WHAT THIS TASK INVOLVES -> Beginning with the line that contains "Homme couché au" and ending with the line that contains "A black and", reproduce the lines of the entries below exactly, omitting pictures.

EXTRACTED ENTRIES ->
########################################

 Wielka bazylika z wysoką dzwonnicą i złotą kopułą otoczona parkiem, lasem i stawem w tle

########################################

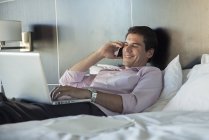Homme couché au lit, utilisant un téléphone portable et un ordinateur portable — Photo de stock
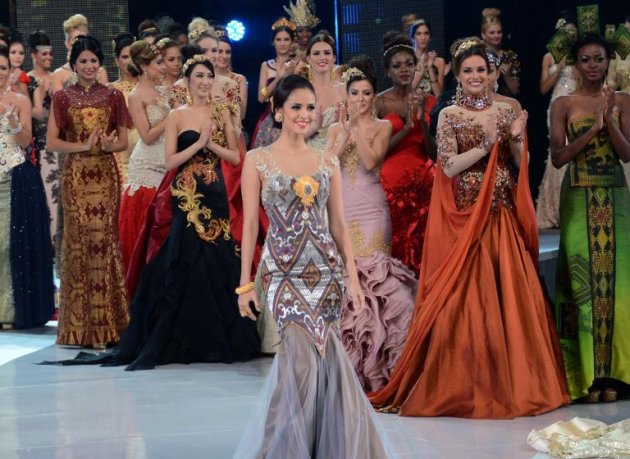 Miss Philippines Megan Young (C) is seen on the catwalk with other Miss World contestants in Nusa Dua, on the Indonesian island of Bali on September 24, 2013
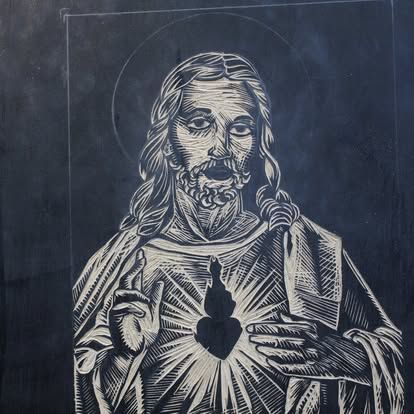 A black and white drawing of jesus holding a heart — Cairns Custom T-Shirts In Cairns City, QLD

########################################

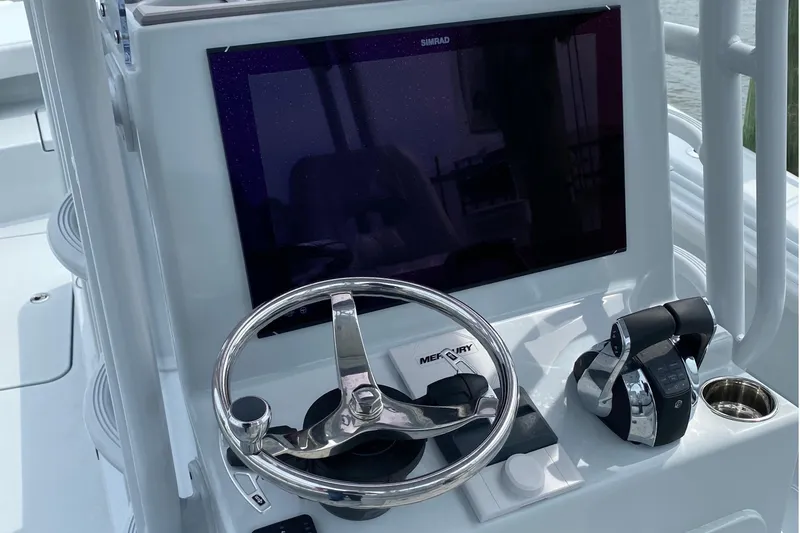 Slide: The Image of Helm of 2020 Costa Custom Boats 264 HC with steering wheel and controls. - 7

########################################

ANSWER SECTION ->
Homme couché au lit, utilisant un téléphone portable et un ordinateur portable — Photo de stock
 Miss Philippines Megan Young (C) is seen on the catwalk with other Miss World contestants in Nusa Dua, on the Indonesian island of Bali on September 24, 2013
 A black and white drawing of jesus holding a heart — Cairns Custom T-Shirts In Cairns City, QLD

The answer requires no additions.